Il discorso può essere allargato a tutti gli altri (ex) giochi. Vogliamo mettere a confronto il fisico mingherlino, quasi segaligno, di Mazzola o di Rivera con quello di Ronaldo o di Ibrahimovic? Non che la preparazione fisica non fosse curata allora, ché Maradona quando era Maradona si allenava eccome. Così come oggi senza il talento non si fa carriera, è ovvio, ai massimi livelli. Ma i due aspetti, nei campionissimi, convivevano, perfettamente sintetizzati nell’intelligenza motoria di un Pelè. A partire dagli anni ’90, addirittura, la cura maniacale nella preparazione fisica ha colpito anche laddove meno ce la spettiamo: Gustavo Zito, ai tempi del professionismo profumatamente pagato del biliardo auspice la nascente Tele+, fu il primo a legare palestra e abbattimento dei birilli, portando una innovazione decisiva in un ambiente fino ad allora evocativo di Alfa senza filtro e Bianco Sarti. Già da tempo, va da sé, le maltodestrine e gli integratori avevano sostituito nella dieta del ciclista la bistecca che Biagio Cavanna aveva consigliato a Fausto Coppi. Senza contare il ruolo giocato con sempre maggiore incidenza dal doping, in questo passaggio dalla civiltà del gioco a quella dello sport.

Ora assistiamo al terzo stadio di questa mutazione, quello del passaggio dallo sport al prodotto TV da mettere sul mercato. E da far apprezzare, in conseguenza, anche a chi, per cultura o per legittima mancanza di conoscenza dei meccanismi classici del gioco, è attratto solamente dagli aspetti più immediatamente spettacolari. Il gol, il canestro, e sì, anche i birilli che cadono su un panno verde. Bisogna vendere la NBA ai cinesi, la serie A agli americani, i campionati di boccette al pubblico generalista di RAI Sport. E dunque le regole del gioco (pardon, dello sport, o dello show) si devono adeguare per mettere in risalto quegli aspetti immediati dello spettacolo TV. Conta poco che le regole del fallo di mano in area siano oramai grottesche, Ronaldo deve fare gol per 27 partite consecutive; che se Harden ti cade addosso perché inciampa gli vengano concessi 3 tiri liberi e quindi il difensore sia costretto a lasciargli uno spazio siderale, così la ditta può magnificare i suoi 57 punti; che i palloni con cui si gioca oggi siano poco meno che saponette, i SuperTele della nostra infanzia. Conta che la rete o la retìna siano scosse. E se comunque, come spesso capita, non succede niente sul campo, i telecronisti devono supplire con un surplus di esagitazione gratuita, quando non riempirci il cervello con dettagli tecnici insignificanti che verrebbe la voglia di dir loro, come succede al bar col vicino molesto, “stai zitto un attimo che voglio vedere la partita”.
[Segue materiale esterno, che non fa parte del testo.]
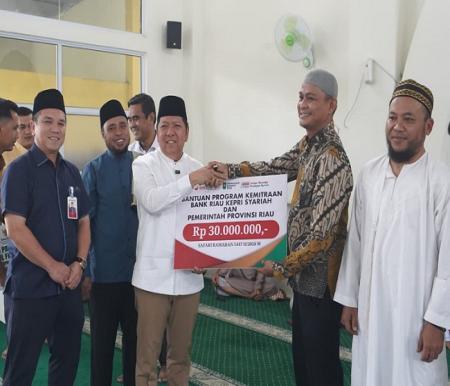 BRK Syariah Salurkan Bantuan untuk Masjid At-Taqwa dalam Safari Ramadan Pemprov Riau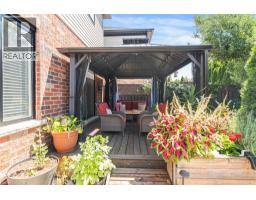 102 Willow Lane, Grimsby, ON L3M5P7 Photo 45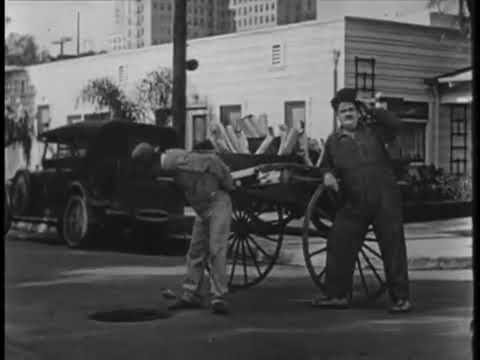 Oliver Hardy - Stick Around (Laurel & Hardy)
A regole vigenti, Maradona segnerebbe 128 gol a stagione, o, in alternativa, le squadre che subissero la sventura di ritrovarselo contro sarebbero ridotte a 9 effettivi dopo un quarto d’ora dal fischio d’inizio. Gentile e Bruno giocherebbero il derby tra Grassina e Antella. Il Trap allenerebbe all’oratorio da quando il guardiolismo ha ridotto il calcio ad una variante della Pallamano. Ma la terza mutazione è ormai avvenuta, e i prossimi mondiali li vedremo a dicembre, perché nel Quatar a giugno ci fa troppo caldo. I centravanti vanno quindi tutelati, meno i manovali, spesso migranti, che sono morti per lavorare in condizioni disumane alla costruzione dei nuovi stadi dell’emirato, letteralmente cattedrali nel deserto. Ma i soldi sono già scivolati nelle tasche giuste, altri ancora ne scivoleranno, lo spettacolo è assicurato, il gioco e lo sport sono un’altra cosa.